When you see Carmelo Flores Laura, it is impossible not to think about one of the protagonists of Gabriel Garcia Márquez‘s or Isabelle Allende‘s novels. To find him, last August some photographers climbed a 4.000-meter high mountain to reach a village westbound of La Paz. Once there, they met this hobbit-looking, gap-toothed, aged little man, so aged that, according to documents, he would be born in 16 july 1890, which would make him 123 years old by now. His birth certificate has been sent very soon after that to Guinness World Records, and if the date can be confirmed, he would become the oldest person on Earth. But, to this andean little man, records like this don’t mean too much. He is surely a centenary. He has tilled the soil for a whole lifetime, eating lizards and coca leaves; he protects himself from andine cold wearing only a poncho and, between one thing and another, he had three sons, 16 grandchildren and 39 great-grandchildren. He has already had an extraordinary life.
Carmelo Flores is the emblem of a whole nation, Bolivia, the South American country that, better than many others, preserves its traditional culture. In this part of America, there are places that look like lunar craters, as La Paz, the highest capital in the world, and breath-taking andean landscapes, as Titicaca lake, venerated from Indios Aymara and Tupiza, a city that appears suddenly between mountains, rivers and forests of cactuses. Bolivia doesn’t have any shoreline: this state is a hazelnut of land which rubs shoulders with Brazil, Argentina, Chile, Peru and Paraguay, craved for hundred years by these countries that saw it as a place to conquer.
Bolivia is a land of contrasts, broken into two parts that almost never collide: one, the smallest, is populated by dangerous gangsters who export drugs worldwide.

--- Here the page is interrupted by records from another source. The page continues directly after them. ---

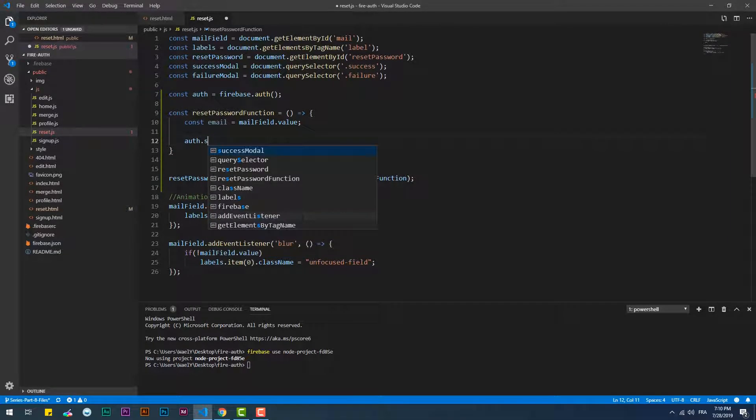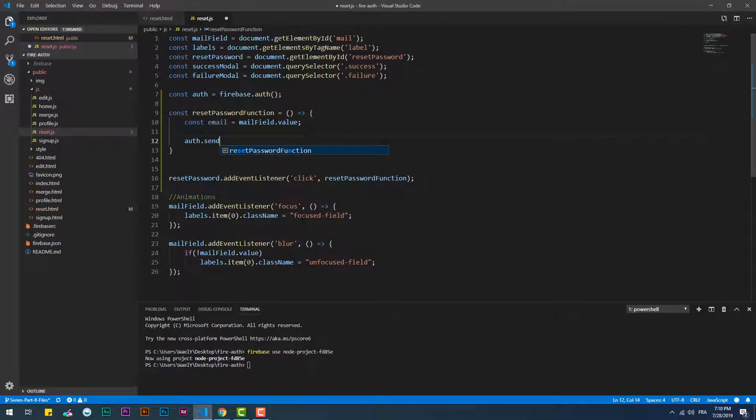We just simply need to use the SendPasswordResetEmail which is the built-in Firebase function.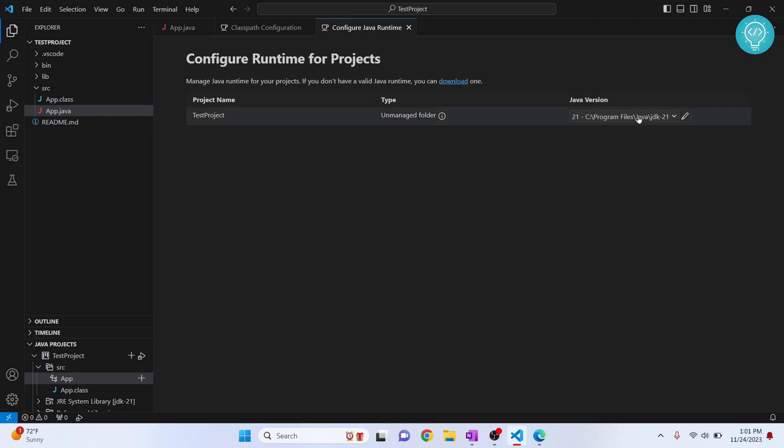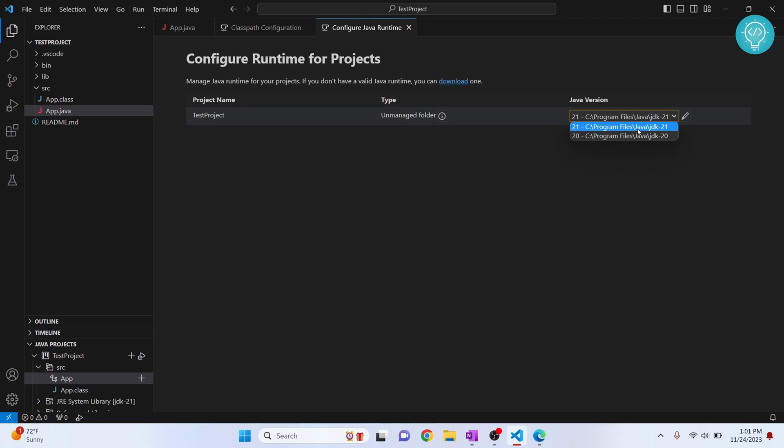It is saying Java 21 by default. Now you can choose Java 20 here. If you are only seeing version one installed and you don't see any other version installed, that means that other versions of JDK are not installed. Check that link in the description and you will see how you can install multiple versions of JDK.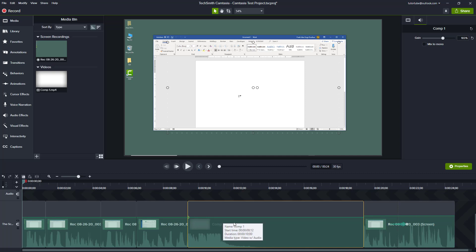That is how you can utilize the auto normalize loudness feature inside of Camtasia. If you guys learned something, please like, comment, share, and subscribe.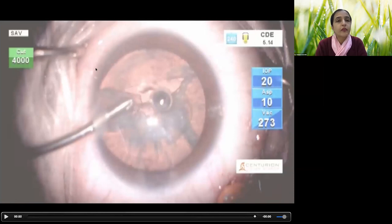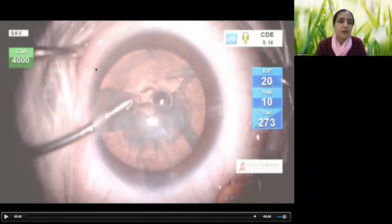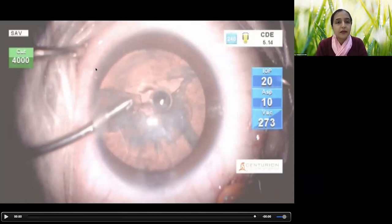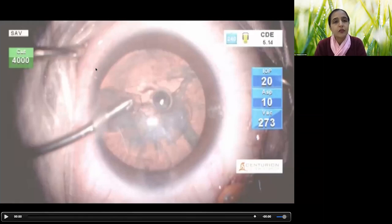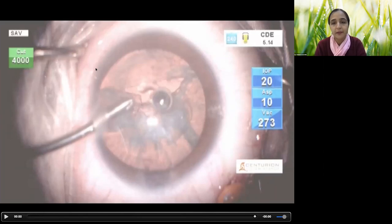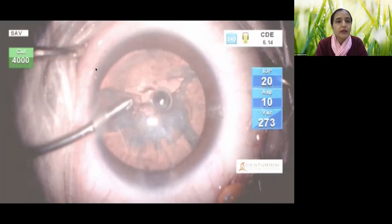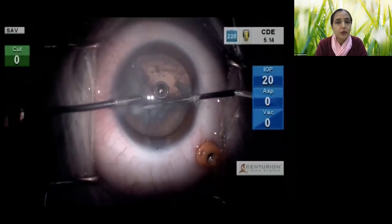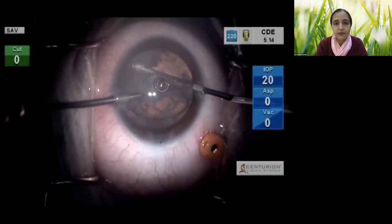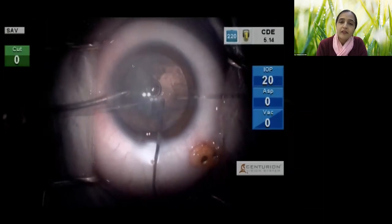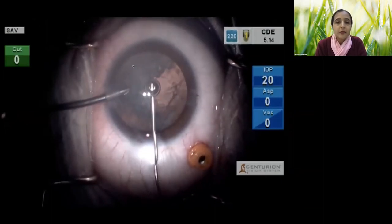Use the maximum cut rate possible — in this case 4000. Vacuum should be modest, about 350 to 400. Irrigation pressure and flow rate need to be low, because we don't want too much movement in the anterior or posterior segment. A high cut rate is essential — we want to cut, not aspirate, the vitreous attachments. Once vitrectomy is done, proceed with phaco as normal but very slowly, with IOP lowered to 20.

The other inhabited by people who live far away from richness and illegality. Carmelo Flores, as the most of the bolivians, belongs to this second universe. Poor, illiterate, he spends his days cooking rice and walking around together with llamas, symbols of these old lands that for their tops are known as “The Tibet of Andes”. Maybe it’s because of the heights and for its inner position, maybe for the obstinacy with which indios preserve their traditions: whatever it is, Bolivia looks like a country at the end of the world, from where to start again to appreciate the taste of simplicity, and of life spent day by day.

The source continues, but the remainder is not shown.